There were still fishes.
They were still kind of happy.
And the fish also were happy to be there.
So nothing has changed,
but everything has changed.
My third little story
is that I was an accomplice
in the introduction of trawling
in Southeast Asia.
In the ’70s – well, beginning in the ’60s –
Europe did lots of development projects.
Fish development
meant imposing on countries
that had already 100,000 fishers
to impose on them industrial fishing.
And this boat, quite ugly,
is called the Mutiara 4.
And I went sailing on it,
and we did surveys
throughout the southern South China sea
and especially the Java Sea.
And what we caught,
we didn’t have words for it.
What we caught, I know now,
is the bottom of the sea.
And 90 percent of our catch
were sponges,
other animals that are fixed on the bottom.
And actually most of the fish,
they are a little spot on the debris,
the piles of debris, were coral reef fish.
Essentially the bottom of the sea came onto the deck
and then was thrown down.
And these pictures are extraordinary
because this transition is very rapid.
Within a year, you do a survey
and then commercial fishing begins.
The bottom is transformed
from, in this case, a hard bottom or soft coral
into a muddy mess.
This is a dead turtle.
They were not eaten, they were thrown away because they were dead.

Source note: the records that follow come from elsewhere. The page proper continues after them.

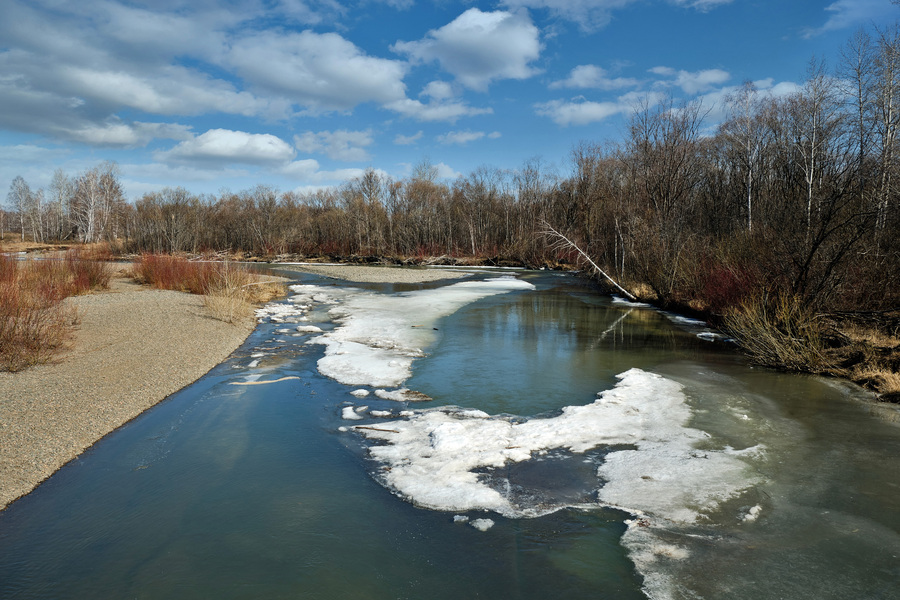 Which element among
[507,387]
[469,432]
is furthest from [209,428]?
[507,387]

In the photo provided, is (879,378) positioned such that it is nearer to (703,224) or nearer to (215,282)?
(215,282)

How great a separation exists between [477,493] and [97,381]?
7.27 metres

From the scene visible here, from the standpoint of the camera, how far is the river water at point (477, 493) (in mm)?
4184

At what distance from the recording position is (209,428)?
752cm

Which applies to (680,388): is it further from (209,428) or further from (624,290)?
(624,290)

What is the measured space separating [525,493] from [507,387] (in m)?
4.02

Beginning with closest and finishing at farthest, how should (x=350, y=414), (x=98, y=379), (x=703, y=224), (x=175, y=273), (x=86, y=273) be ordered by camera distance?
(x=350, y=414) < (x=98, y=379) < (x=86, y=273) < (x=175, y=273) < (x=703, y=224)

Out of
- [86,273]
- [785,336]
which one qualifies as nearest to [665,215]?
[785,336]

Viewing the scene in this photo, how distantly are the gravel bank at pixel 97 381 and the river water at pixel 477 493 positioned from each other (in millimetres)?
342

And one time we caught a live one.
It was not drowned yet.
And then they wanted to kill it because it was good to eat.
This mountain of debris
is actually collected by fishers
every time they go
into an area that’s never been fished.
But it’s not documented.
We transform the world,
but we don’t remember it.
We adjust our baseline
to the new level,
and we don’t recall what was there.
If you generalize this,
something like this happens.
You have on the y axis some good thing:
biodiversity, numbers of orca,
the greenness of your country, the water supply.
And over time it changes –
it changes
because people do things, or naturally.
Every generation
will use the images
that they got at the beginning of their conscious lives
as a standard
and will extrapolate forward.
And the difference then,
they perceive as a loss.
But they don’t perceive what happened before as a loss.
You can have a succession of changes.
At the end you want to sustain
miserable leftovers.
And that, to a large extent, is what we want to do now.
We want to sustain things that are gone
or things that are not the way they were.
Now one should think
this problem affected people
certainly when in predatory societies,
they killed animals
and they didn’t know they had done so
after a few generations.
Because, obviously,
an animal that is very abundant,
before it gets extinct,
it becomes rare.
So you don’t lose abundant animals.
You always lose rare animals.
And therefore they’re not perceived
as a big loss.
Over time,
we concentrate on large animals,
and in a sea that means the big fish.
They become rarer because we fish them.
Over time we have a few fish left
and we think this is the baseline.
And the question is,
why do people accept this?
Well because they don’t know that it was different.
And in fact, lots of people, scientists,
will contest that it was really different.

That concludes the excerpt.